Karl Nolle, MdL

Freie Presse, 20.06.2009

"Sehr viele Menschen wollen Klarheit über die Vergangenheit"

Sächsischer Stasi-Unterlagenbeauftragter Michael Beleites hält Diskussion über „Blockflöten" für wichtig — Doch die einfache Schwarz-Weiß-Debatte hätten die Leute satt
 
Dresden. Die Blockflöten-Debatte ist wichtiger als die Stasi-Debatte, meint Michael Beleites, sächsischer Landesbeauftragter für die Stasiunterlagen. Über die Aufarbeitung der DDR-Vergangenheit und das Nolle-Buch über „Blockflöten" sprach Hubert Kemper mit ihm.

Freie Presse: Ist 20 Jahre nach der Wende die Aufarbeitung der DDR immer noch nicht abgeschlossen?

Michael Beleites: Nein. Die Auseinandersetzung mit Geschichte ist prinzipiell nicht abschließbar. Aber er Umgang mit der DDR-Geschiche verändert sich, und das ist völlig normal.

Freie Presse: Ist der Übergang früherer Mitglieder der CDU-Blockpartei in die heutige Union aus Ihrer Sicht zu nahtlos verlaufen?

Beleites: Es sind ja zwei Blockparteien in die heutige Union aufge¬nommen worden. Die Rolle der Mitglieder der früheren „Demokratischen Bauernpartei Deutschlands" (DBD) darf man da nicht übersehen. Dieser „Übergang" ist ja ein seit 20 Jahren währender Prozess, der noch nicht abgeschlossen ist. Da ist auch heute noch manches aufzuarbeiten. Man darf aber nicht verges¬sen, dass sich die sächsische CDU intensiver mit diesen Fragen auseinandergesetzt hat als die Union in den anderen Ost-Ländern.

Freie Presse: Welche Rolle haben aus Ihrer Sicht Blockpartei-Funktionäre im DDR-Machtgefüge gespielt?

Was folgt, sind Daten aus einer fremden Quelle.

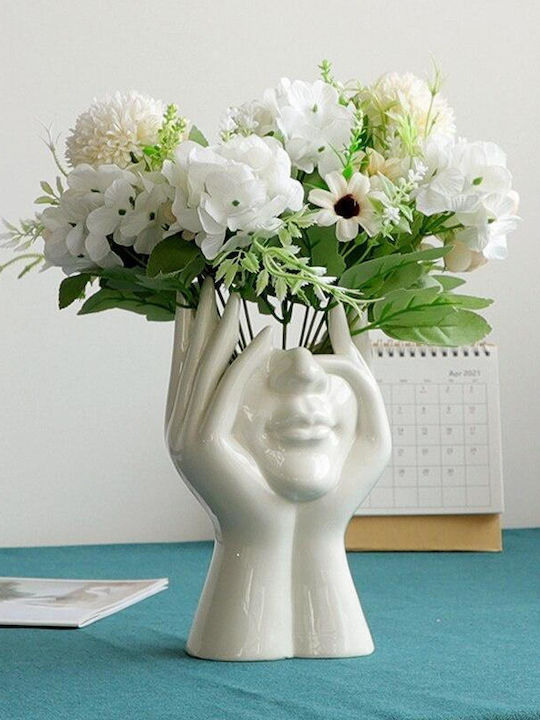 Ceramic Flower Pot Zola Thinking Woman's Face 18 X 16 X 10 Cm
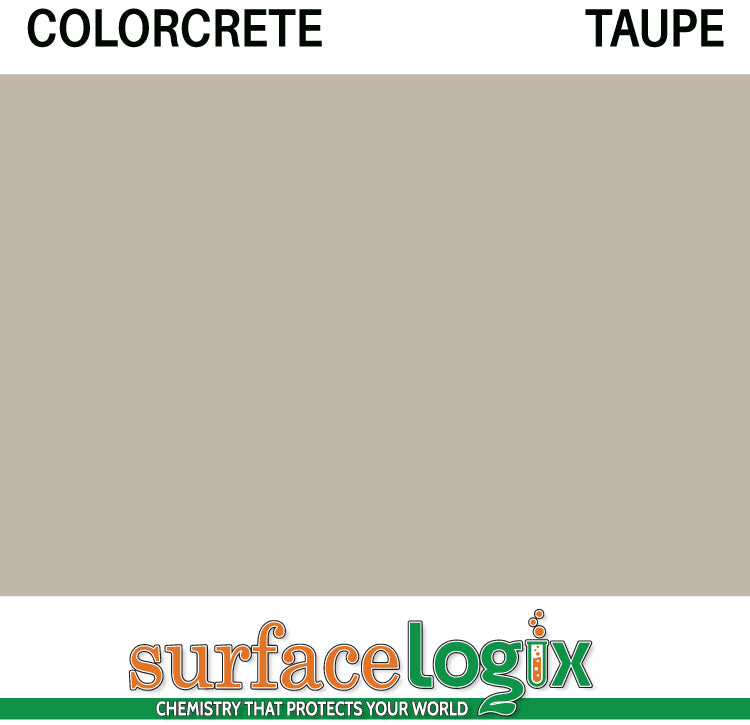 Taupe Colorcrete pigmented water based concrete sealer is a unique blend of 100% waterborne acrylic resins that will leave a hard, semi-gloss film, protecting interior and exterior concrete surfaces, Surfacelogix Texture Deck Systems, and aged asphalt. Often used in staining concrete. 30 custom colors available.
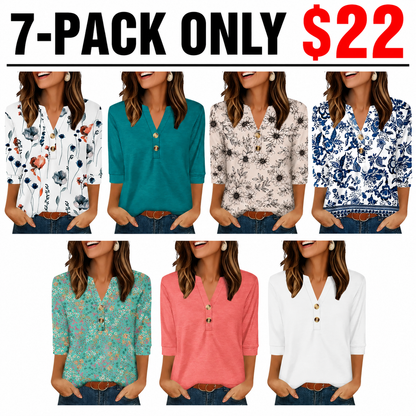 Womens Tops 3/4 Sleeve Heley Shirts for Women Summer Fashion Blouses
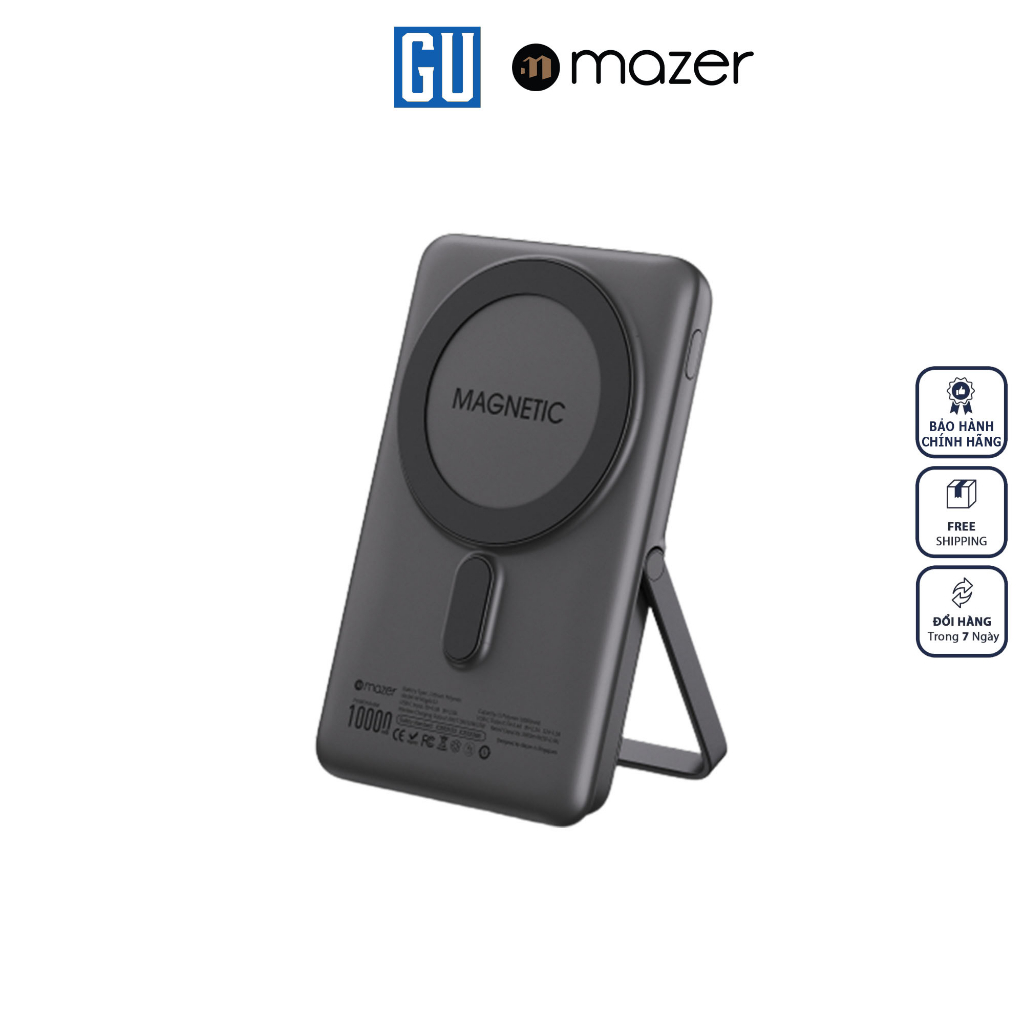 Pin Dự Phòng Mazer Infinite Boost Mag Stand Mini Qi Wireless MagAir13 Sạc Không Dây Dung Lượng 10000mAh Hàng Chính Hãng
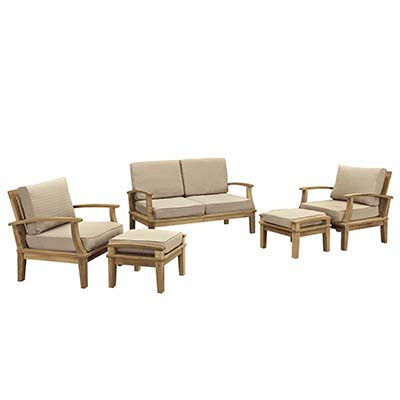 Marina 5 Piece Outdoor Patio Teak Sofa Set - living-essentials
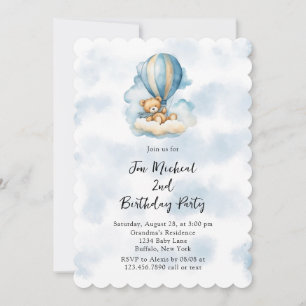 Invitation Teddy Bear Hot Air Balloon Boy N'importe quel âge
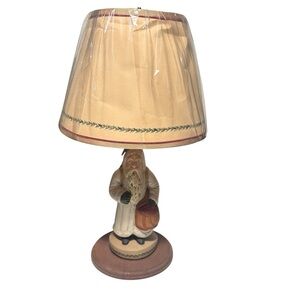 Vintage Walnut Ridge  Chalkware Santa Belsnickel 22” Lamp w/ Hand Painted Shade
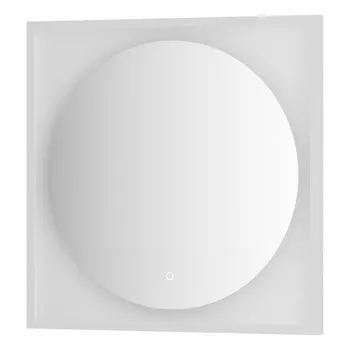 Зеркало Defesto Еclipse 70х70 15W белая рама, с LED-подсветкой, сенсорный выключатель, теплый свет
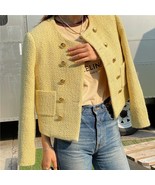 Yellow tweed long sleeve double breasted women blazer front pockets jacket - $64.00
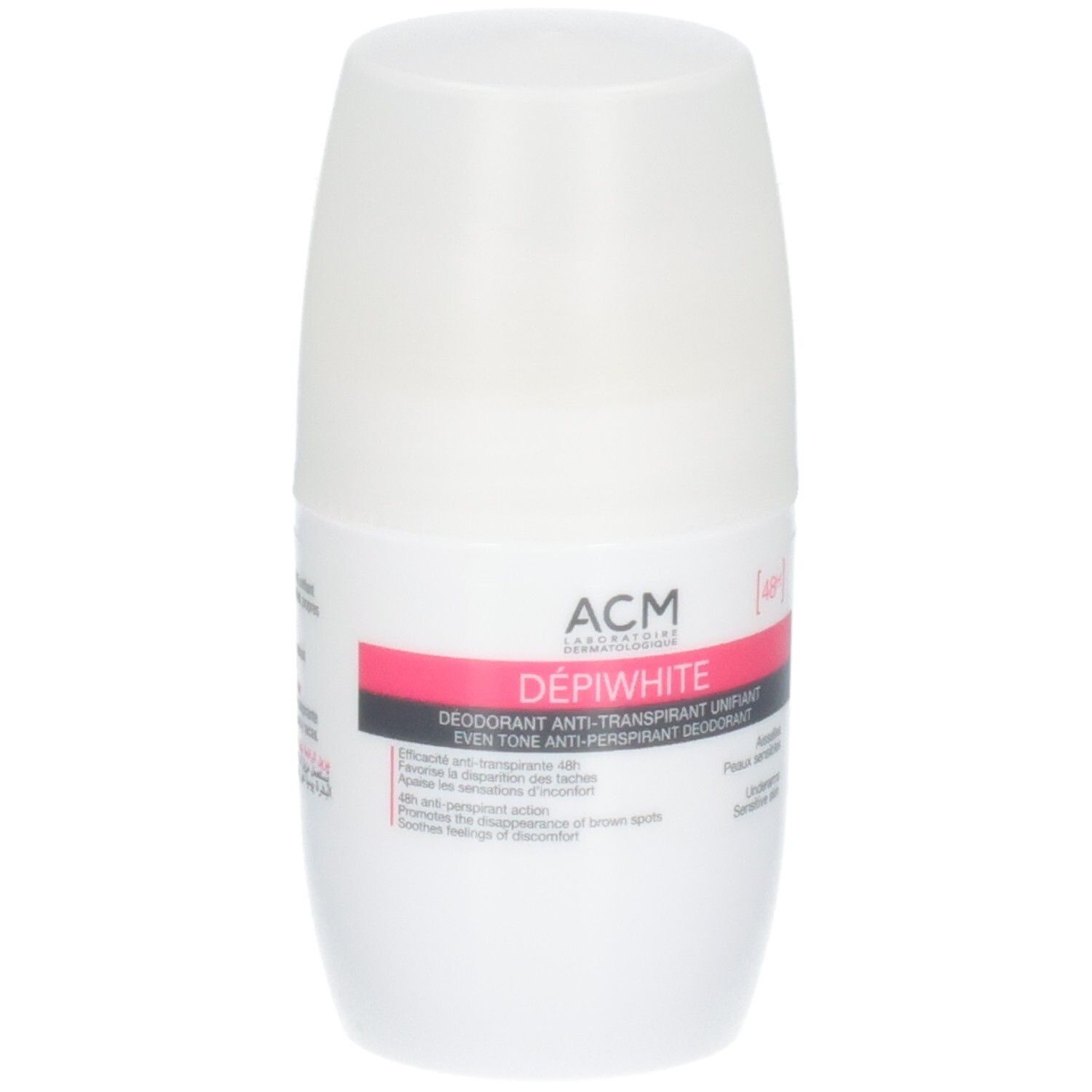 Déodorant ACM Dépiwhite : Roll-on blanc avec accents roses et gris. Anti-transpirant 48h, unifiant.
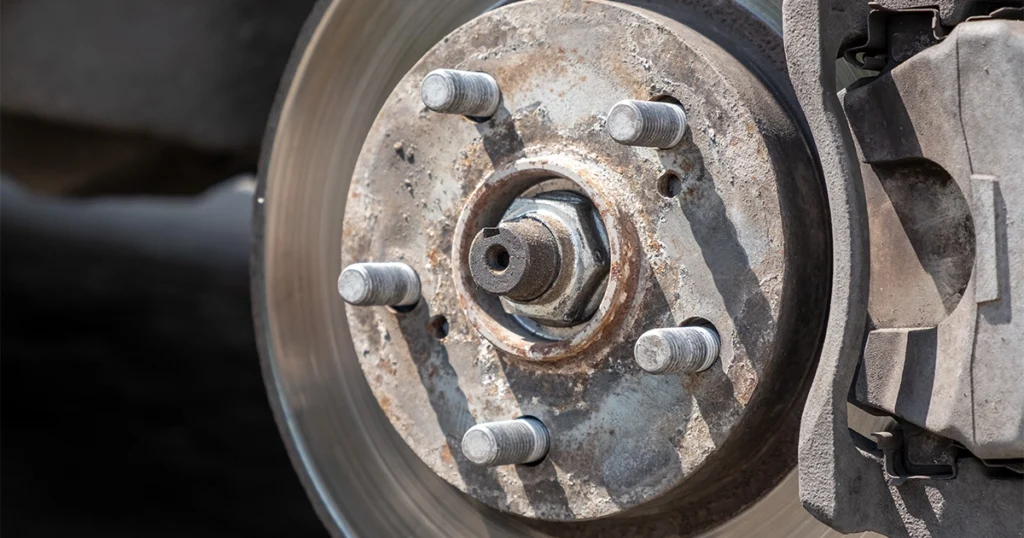 Worn brake rotor indicating time for replacement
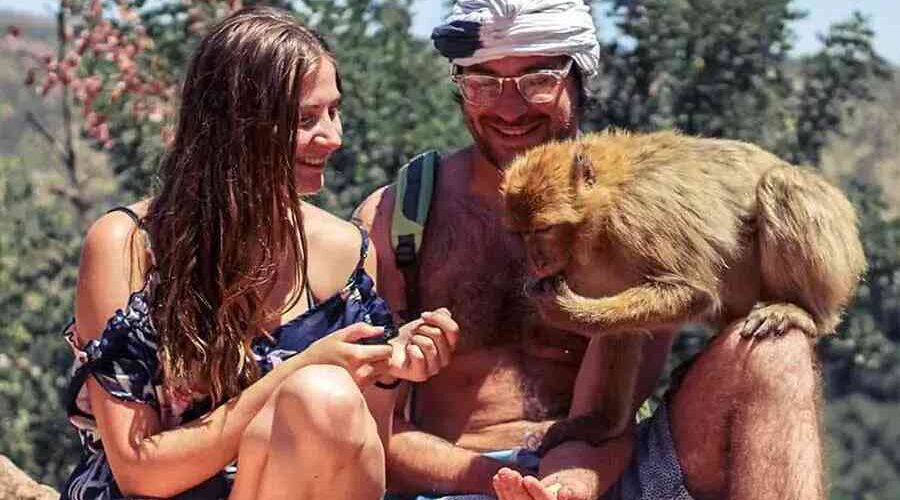 Tourists interacting with a Barbary macaque at Ouzoud Falls.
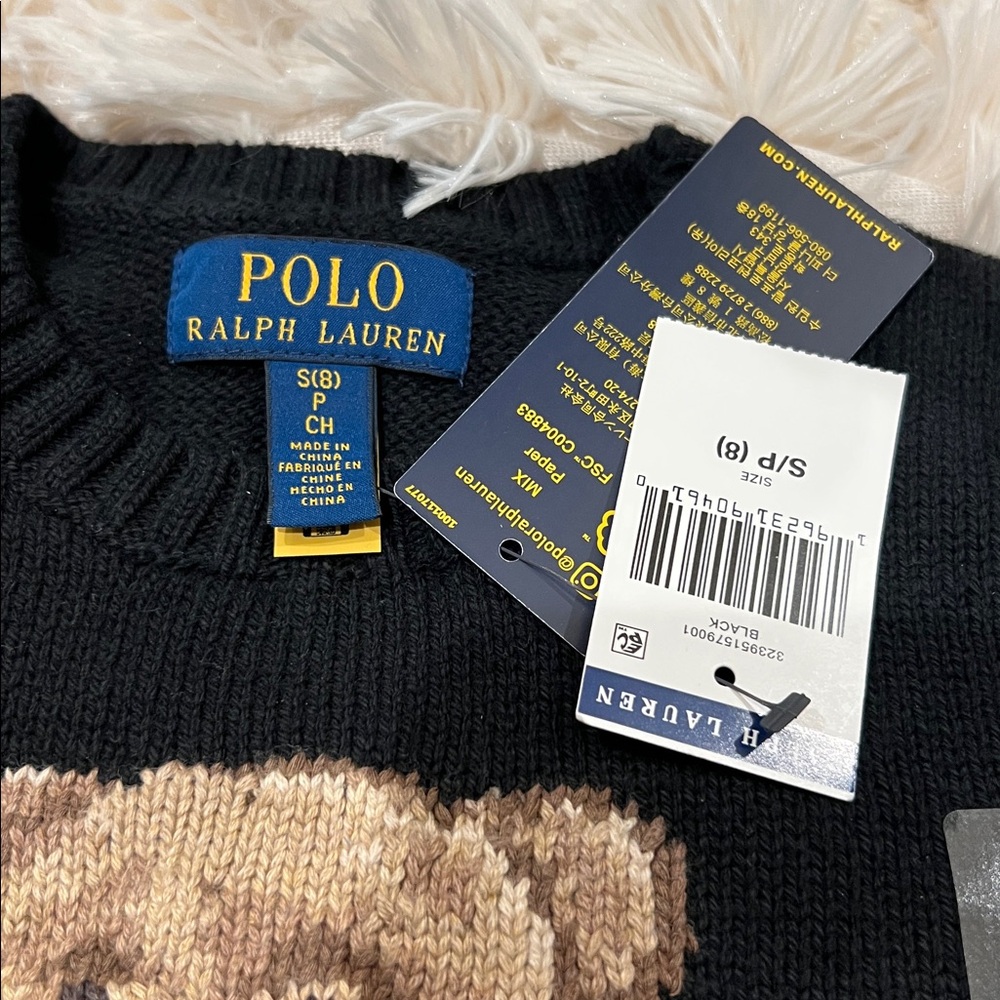 🎉Host Pick 2x🎉Polo Ralph Lauren Boys Black Polo Bear Sweater - Size S (8) - Picture 10 of 12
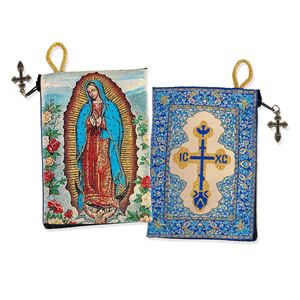 Our Lady of Guadalupe Icon Tapestry Rosary Pouch 5 3/8" x 4"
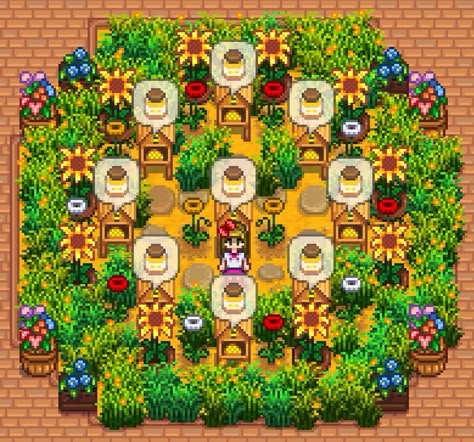 River Farm Stardew Layout, Bee Layout Stardew, Stardew Valley Seasonal Plants, Beehive Layout Stardew Valley, Star Dew Valley Farm Layouts River, Bee Farm Stardew Valley, Stardew Valley Farm Layout Beehive, Stardew Valley Flower Farm, Stardew Monster Farm Layout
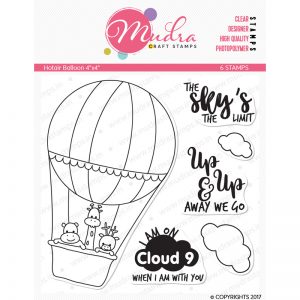 hot air balloon design photopolymer stamp for crafts, arts and DIY by Mudra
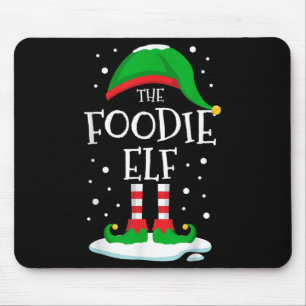The Foodie Elf Christmas Family bijpassende kerstg Muismat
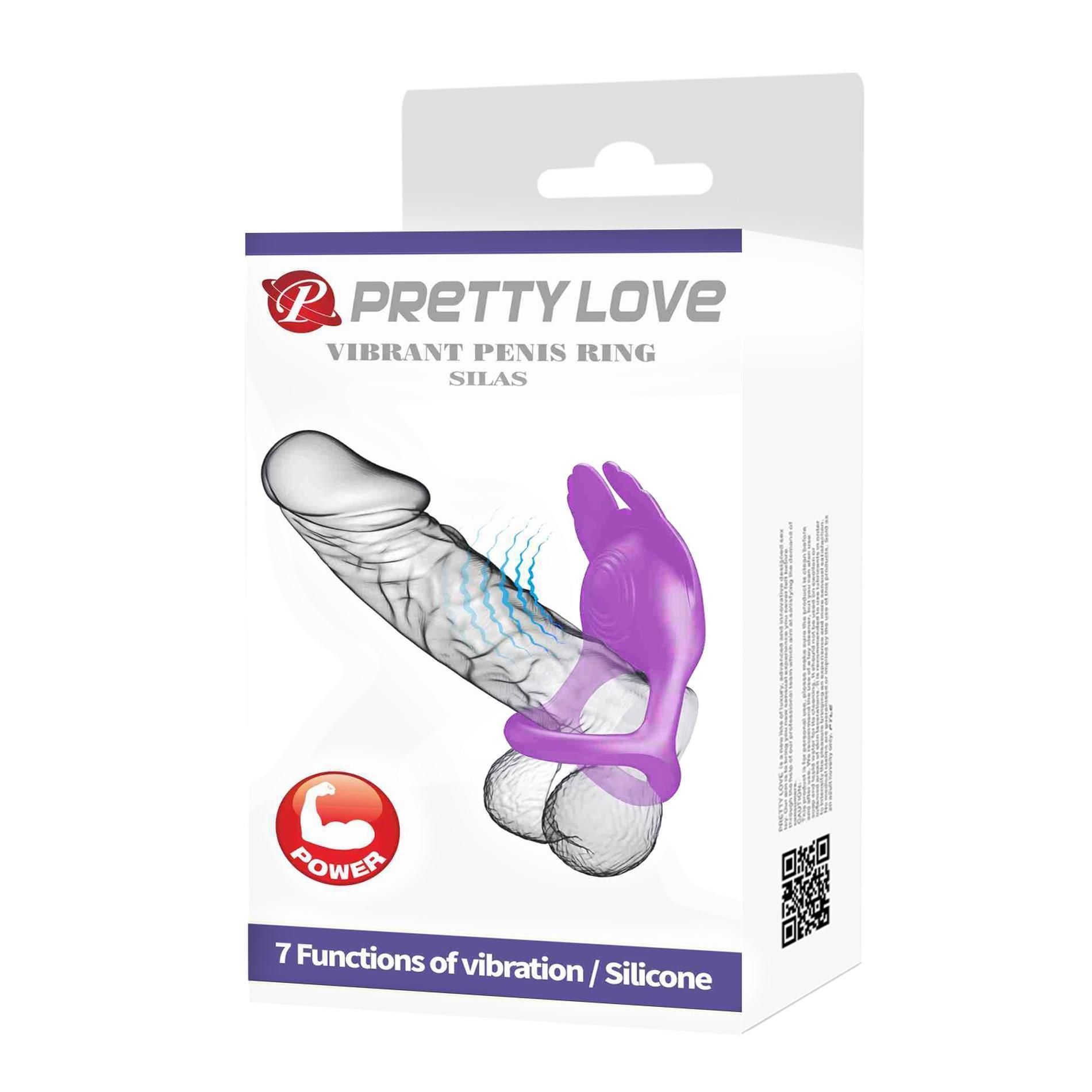Виброкольцо Pretty Love Silas Vibrant Penis Ring, 9,5 см (фиолетовый)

Beleites: Die Funktionäre der Blockparteien haben — im Gegensatz zu den normalen Mitgliedern — meist das SED-System gestützt. Manchmal haben sie aber auch ge¬ringfügige Freiräume für Selbstständige und Handwerker organisiert.

Freie Presse: überwiegt zwei Jahrzehnte nach der friedlichen Revolution in Ostdeutschland der Wunsch, die Vergangenheit ruhen zu lassen?

Beleites: Sehr viele Menschen wollen Klarheit über die Vergangenheit. Die Jugend interessiert sich immer mehr dafür, woher die Befan¬genheiten kommen, die sie bei vielen Älteren spüren. Die einfache Schwarz-Weiß-Debatte haben die Leute aber satt. Zu recht.

Freie Presse: Ein Buch über „Blockflöten", wie es gestern der SPD Landtagsabgeordnete Karl Nolle vorgestellt hat Welchen Beitrag kann es zur Aufarbeitung der DDR-Geschichte leisten?

Beleites: Es könnte einen ganz wichtigen Beitrag leisten, wenn da nicht das parteipolitische Motiv im Vordergrund stünde. Die Blockflöten-Debatte ist wichtiger als die Stasi Debatte. Sie hat nämlich das Potenzial dazu, das Gespräch über die subtilen Wirkungen und Nachwirkungen der Diktatur zu befördern. Aus der Geschichte lernen können wir, wenn wir der Frage nachgehen „Wie konnte das so funktionieren?" Aus der Frage „Wer war dabei?" kann man nichts lernen.